## What this task involves
For the entries below, copy exactly the line that contains "Pictures Home Entertainment)" through the line that contains "T-shirt, manica lunga, vestibilità moderna", both ends included, and exclude all pictures.

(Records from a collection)
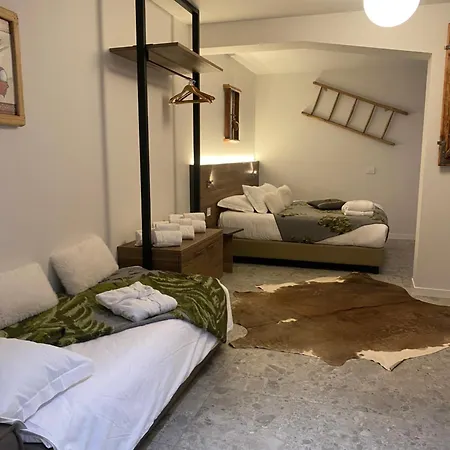 호텔 Maison Poluc Boutique 4*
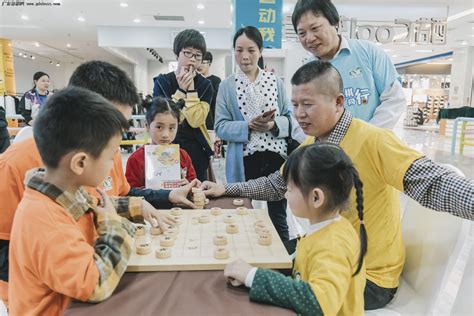 四智会衢江赛区象棋系列推广活动之亲子双人赛举行-棋坛动态-中体象棋网
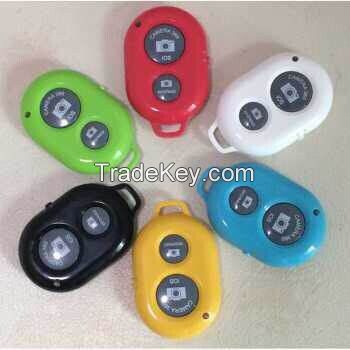 Hot selling bluetooth camera shutter for mobile phone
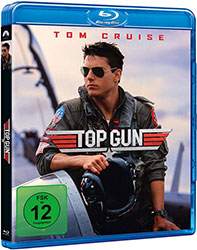 "Top Gun" Remastered Blu-ray (© Universal Pictures Home Entertainment)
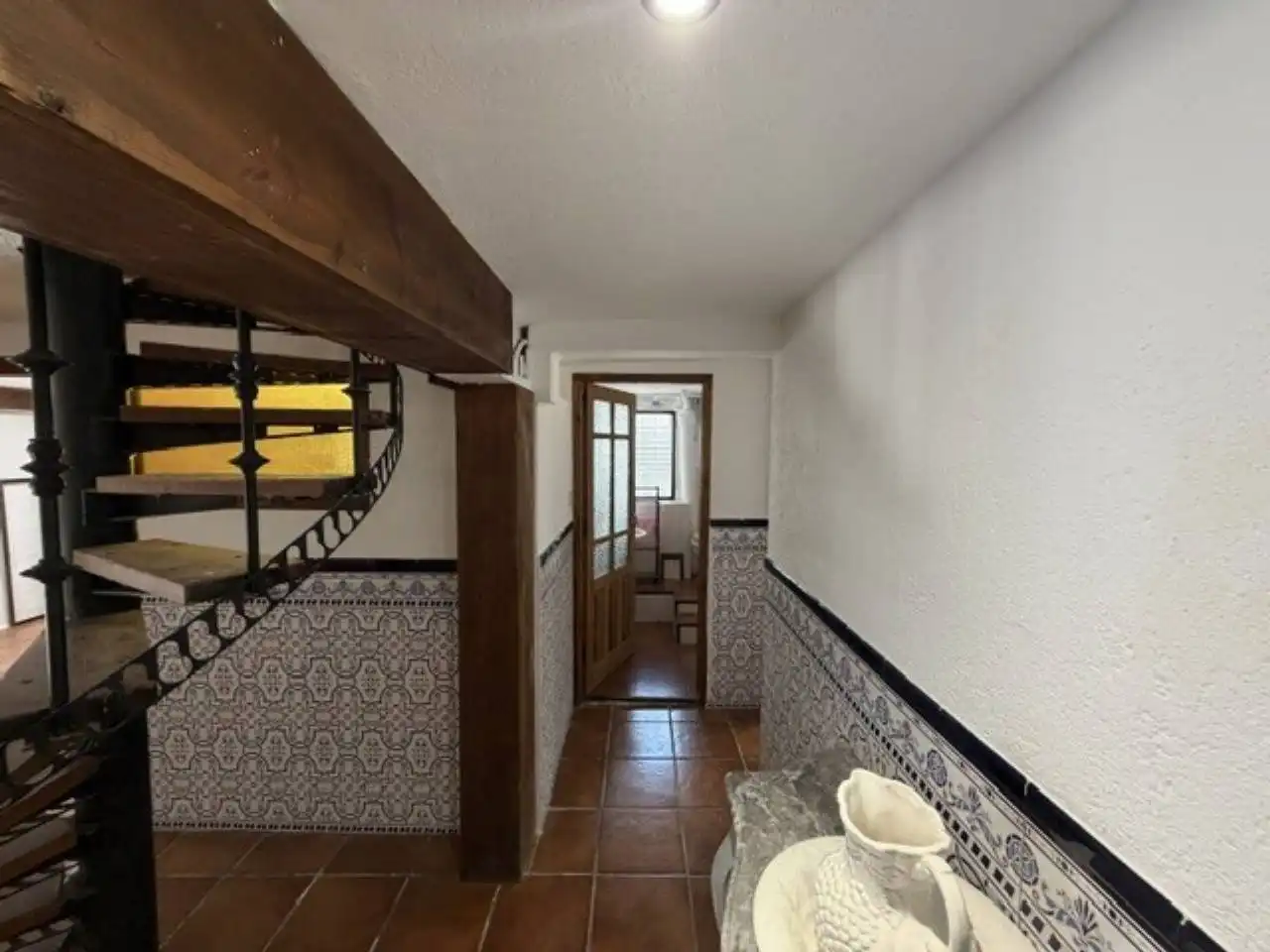 House with garden for sale in Lozoyuela-navas-sieteiglesias, imagen 17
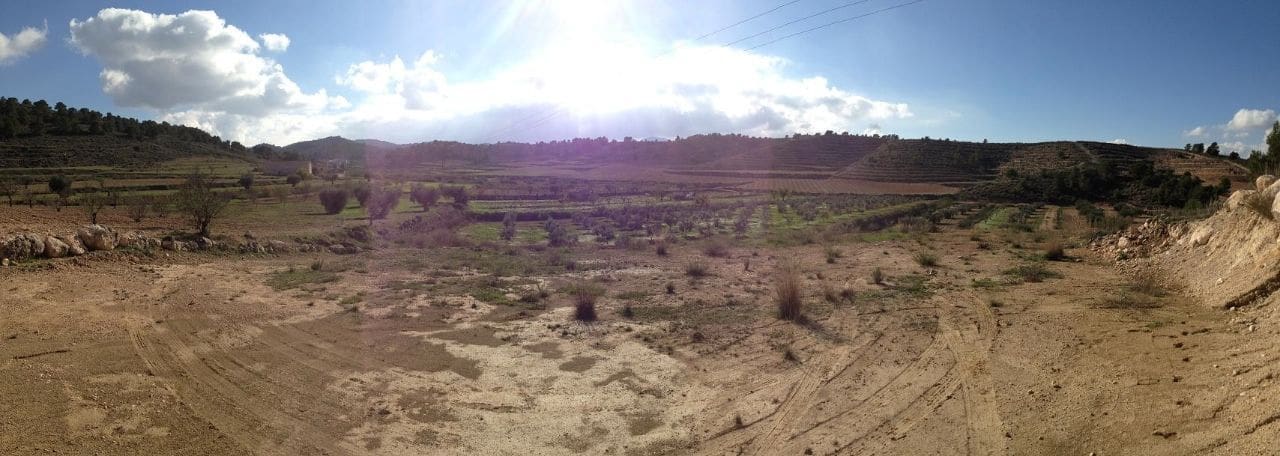 Maalaistalo myytävänä paikassa La Zarza - 34 900 € (Ref: 8863571)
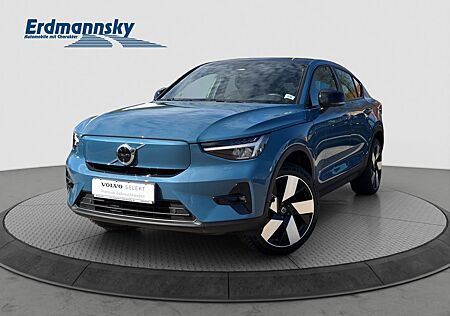 Volvo C40 Ultimate Pure Electric AWD/AHK/20Zoll+GJR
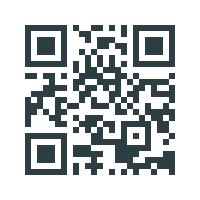 Scannez ce code QR pour ouvrir la randonnée dans l'application SityTrail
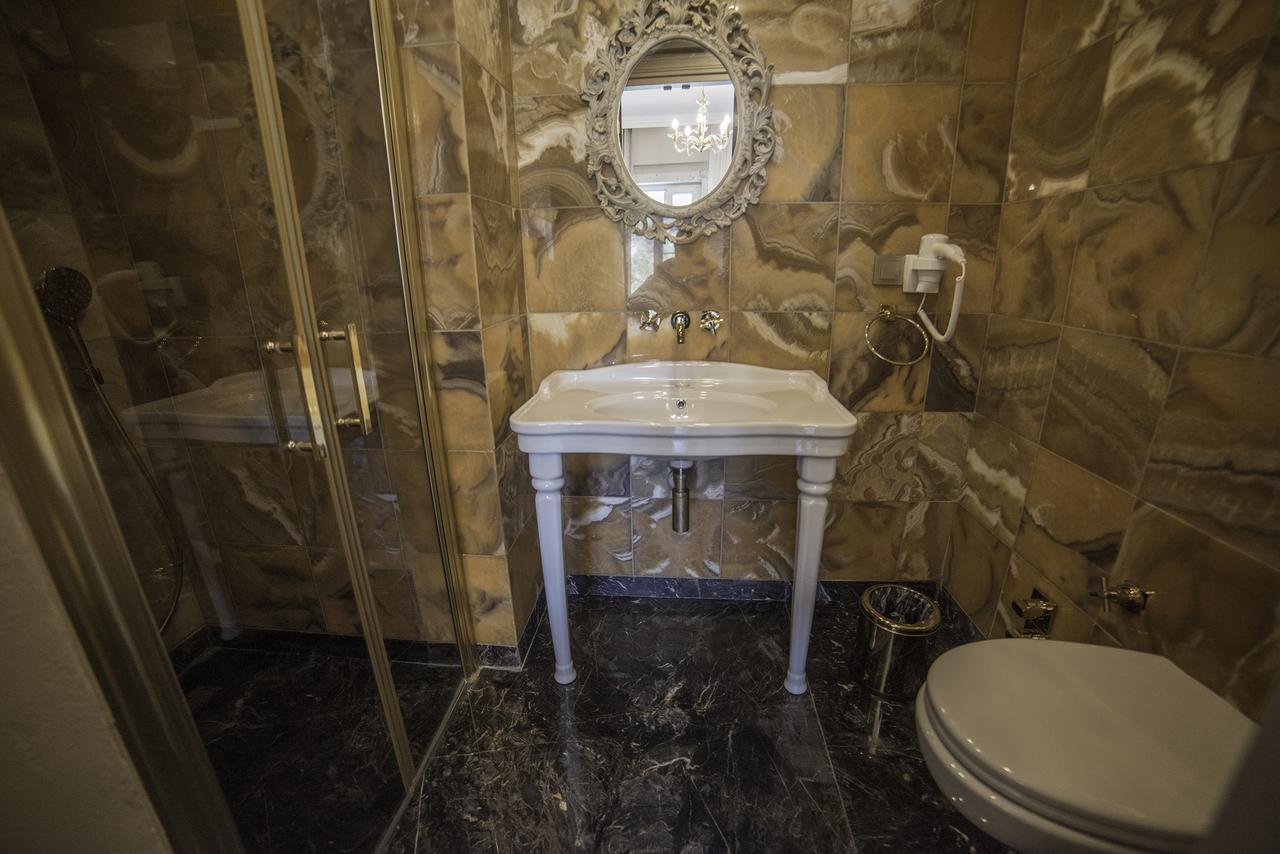 Elit Otel Bozcaada Exteriör bild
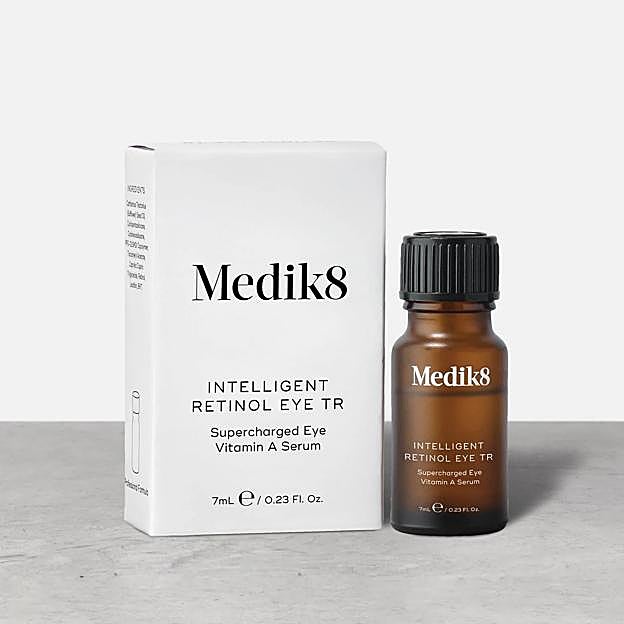Contorno de ojos con retinol Intelligent Retinol Eye TR de Medik8.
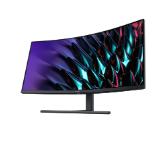 Huawei MateView GT 34" curved 1500R, Zhuque-CBA, 21:9, WQHD 3440 x 1440, VA 10 bits, HDR10, 165Hz Refresh Rate, Anti Glare, 350 nits, 4000:1, 90% DCI-P3 (typical value)/covering 100% sRGB, Flicker Free, Low Blue Light, 1x USB-C (only for power supply), U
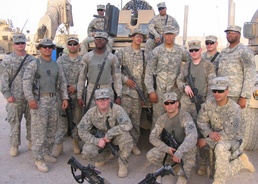MND-B's PSD teams safely transport selves, passengers through streets of Baghdad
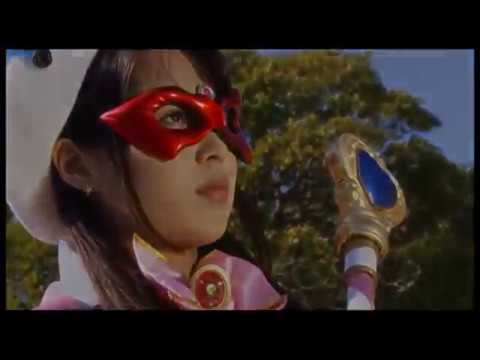 Japanese Superheroines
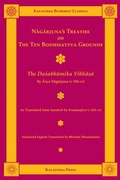 Cover: Nagarjuna's Treatise on the Ten Bodhisattva Grounds - Kalavinka Press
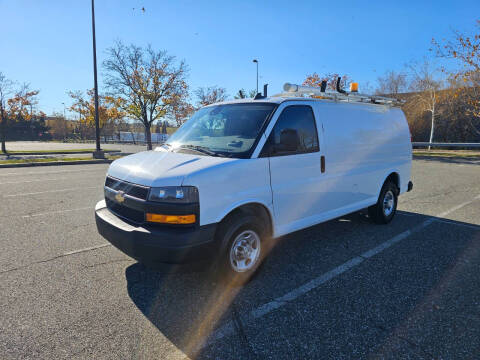 2020 Chevrolet Express 3500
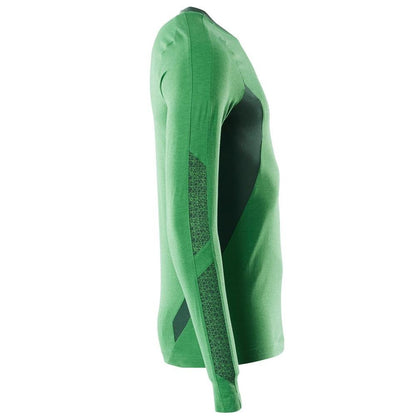 T-shirt, manica lunga, vestibilità moderna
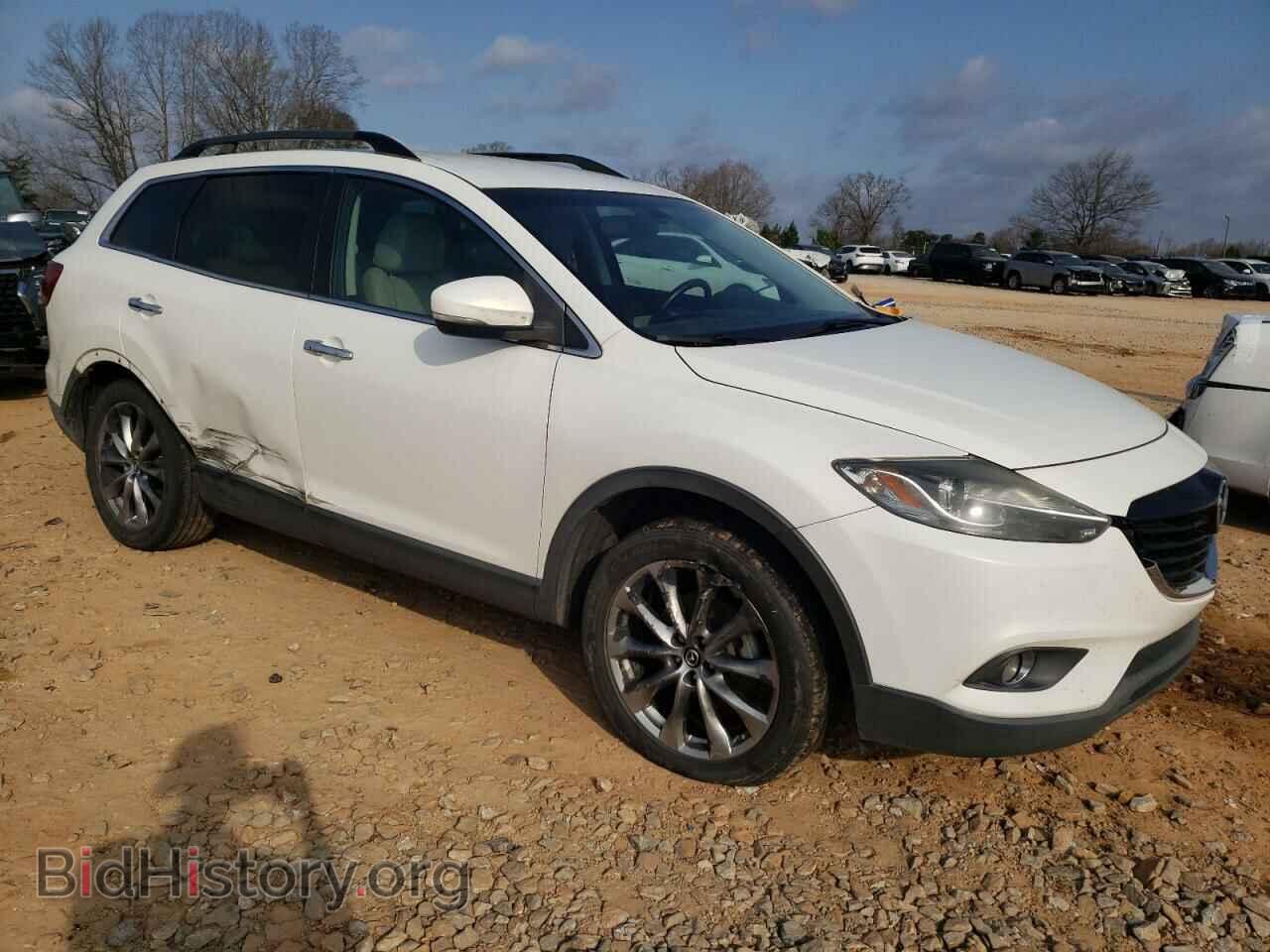 2014 MAZDA CX-9 - VIN: JM3TB2DA5E0443345 - Фото 4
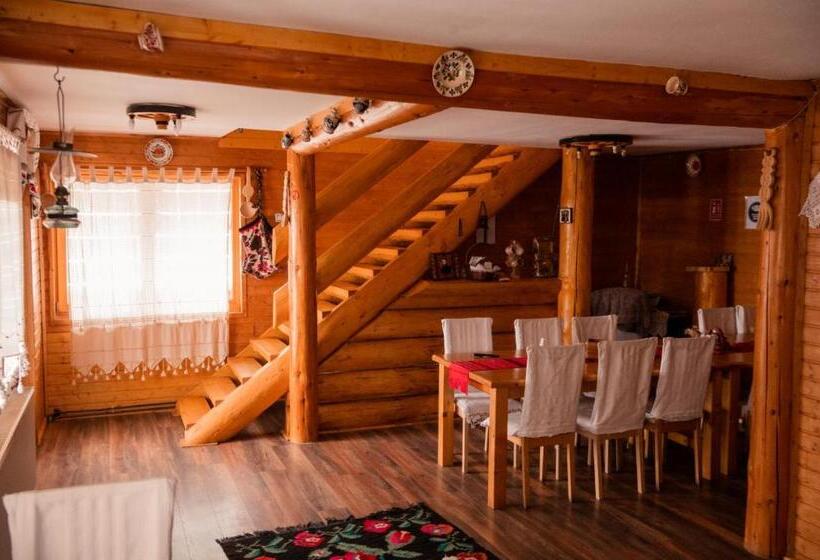 ホテル Pensiunea Anca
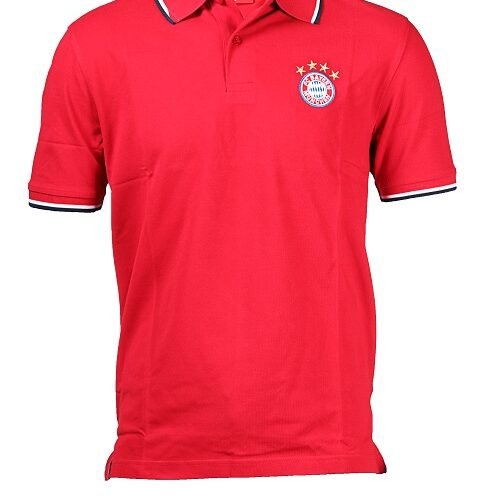 Men's Short Sleeve Polo Shirt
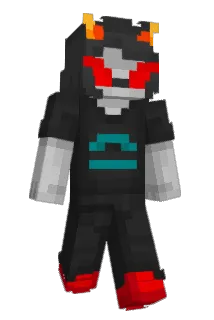 CH1MERAKN1GHT Minecraft avatar full body
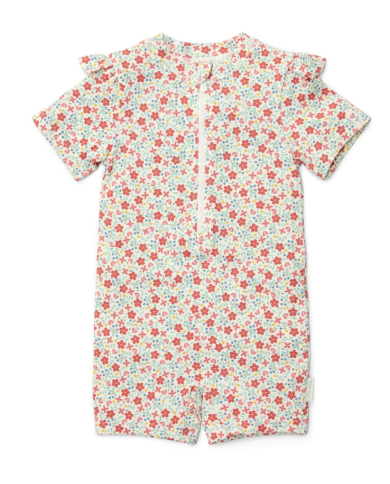 copy of LITTLE DUTCH - Chapeau de bain - Océan Rose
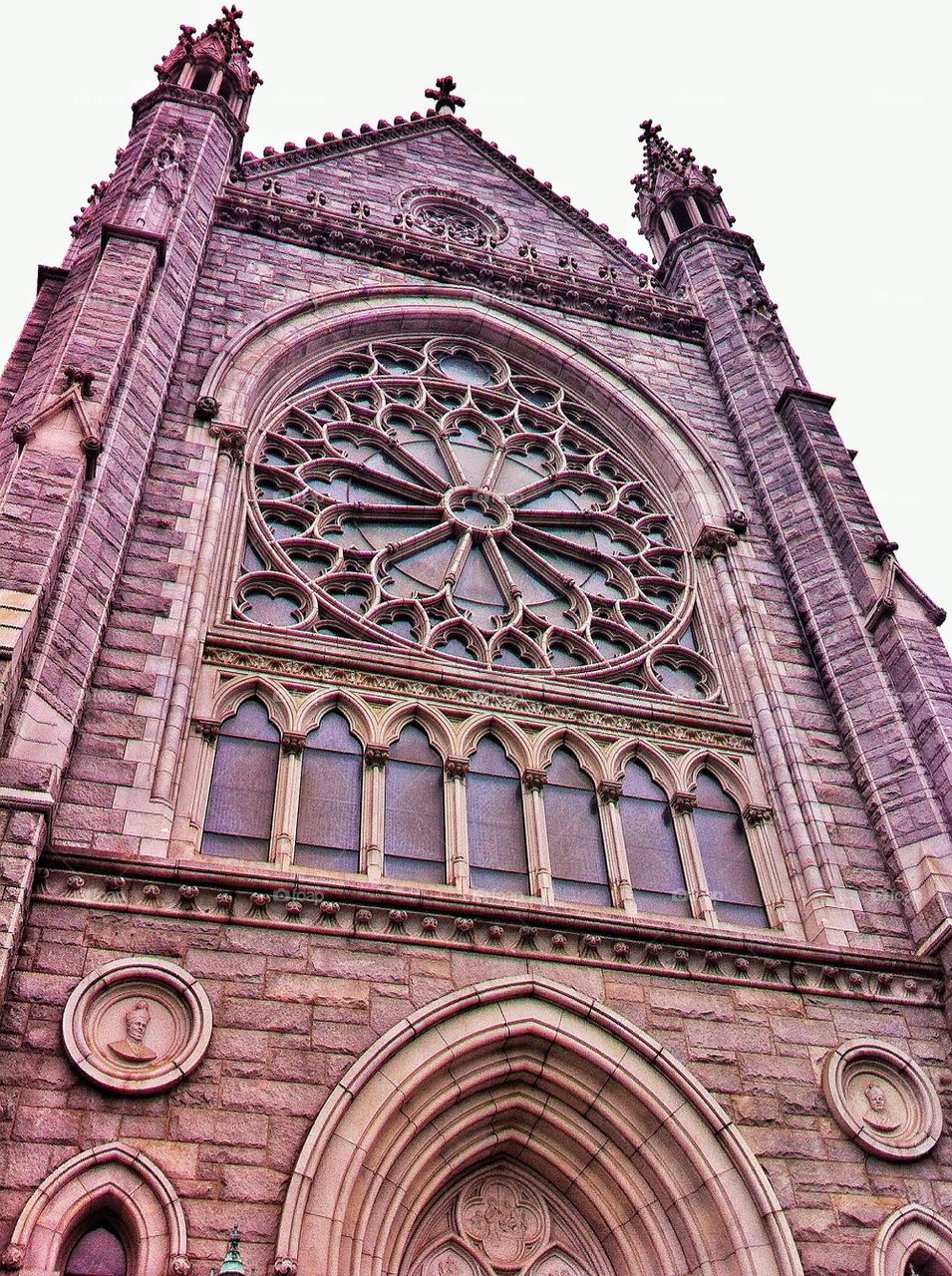 Cathedral Basilica of the Sacred Heart, Newark, New Jersey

## Solved problem
 "Top Gun" Remastered Blu-ray (© Universal Pictures Home Entertainment)
 House with garden for sale in Lozoyuela-navas-sieteiglesias, imagen 17
 Maalaistalo myytävänä paikassa La Zarza - 34 900 € (Ref: 8863571)
 Volvo C40 Ultimate Pure Electric AWD/AHK/20Zoll+GJR
 Scannez ce code QR pour ouvrir la randonnée dans l'application SityTrail
 Elit Otel Bozcaada Exteriör bild
Contorno de ojos con retinol Intelligent Retinol Eye TR de Medik8.
 Huawei MateView GT 34" curved 1500R, Zhuque-CBA, 21:9, WQHD 3440 x 1440, VA 10 bits, HDR10, 165Hz Refresh Rate, Anti Glare, 350 nits, 4000:1, 90% DCI-P3 (typical value)/covering 100% sRGB, Flicker Free, Low Blue Light, 1x USB-C (only for power supply), U
MND-B's PSD teams safely transport selves, passengers through streets of Baghdad
 Japanese Superheroines
 Cover: Nagarjuna's Treatise on the Ten Bodhisattva Grounds - Kalavinka Press
 2020 Chevrolet Express 3500
 T-shirt, manica lunga, vestibilità moderna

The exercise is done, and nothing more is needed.